Moving from east to west along the Silk Road, the plague reached Europe in the 1340s. The disease killed up to half of all Europeans in just three years. It had a similarly terrible impact on the Islamic world, which dominated three of the four ancient civilisations in the 'golden age' of Islam (Europe at that time wasn’t a comparable centre of civilisation). The plague seems to have had much less effect in south and east Asia.

For reasons that historians argue about, this shock shifted Europe onto a positive-growth path, but did the opposite for the Islamic world (see In the Wake of the Plague by Norman Cantor, or Power and Plenty by Ronald Findlay and Kevin O'Rourke). The rise of Europe was also facilitated by China’s decision to turn inward, thus removing a major block to global domination by north Atlantic countries. 

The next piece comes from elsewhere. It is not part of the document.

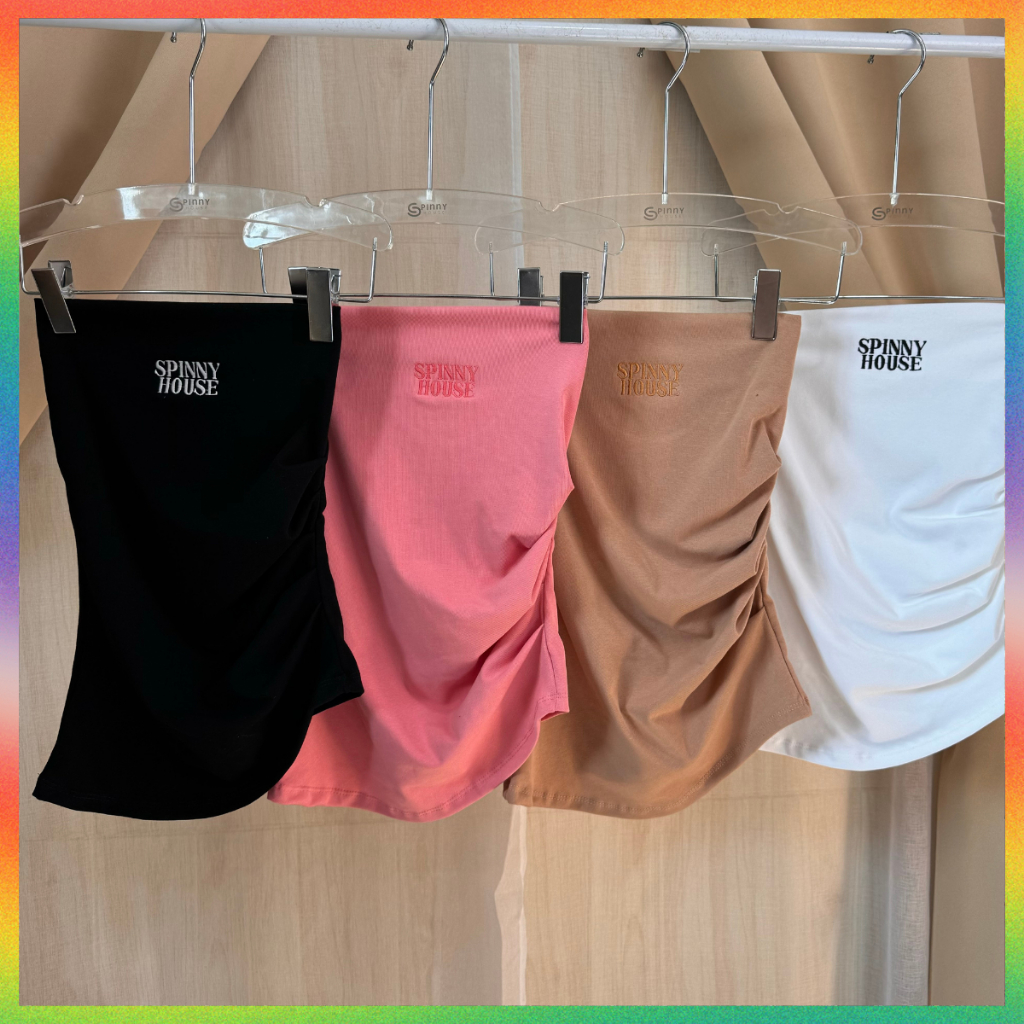 🌈MesubShop🌈เกาะอกปาดชายข้าง ผ้ายืดยูนิ แต่งจีบย่นข้าง 🫧 ปักโลโก้ช่วงอก สาวอวบใส่ได้ รุ่น เกาะอกปาดข้าง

Compared to the advanced civilisations in Asia, western Europe had been a primitive backwater during the centuries before the Black Death – that is why they are known as the Dark Ages in Europe. Southern Europe was the exception during a few glorious centuries when the Greek and Roman Empires flourished. Starting from the 1500s, the world order was turned on its head. The periphery became the core and the core became the periphery. Europe transformed itself into an economic entity that would soon tower over the world economically, militarily, and culturally.

The key features of this reversal of fortunes were new thinking (the Renaissance and Enlightenment), new lands (the Age of Discovery brought the Americas into the Eurasian world system), and new foods (for example, potatoes and maize) that allowed Europe’s population density to rise. Also important was the Industrial Revolution. This was a small British bushfire at the end of Phase 2, but it became a global firestorm in Phase 3. 

References

Baldwin, R (2016), The Great Convergence: Information technology and the New Globalisation,Harvard University Press(chapter 2).

Cantor, N (2002), In the Wake of the Plague, Harper Perennial

Findlay, R and K O'Rourke (2009), Power and Plenty, Princeton University Press.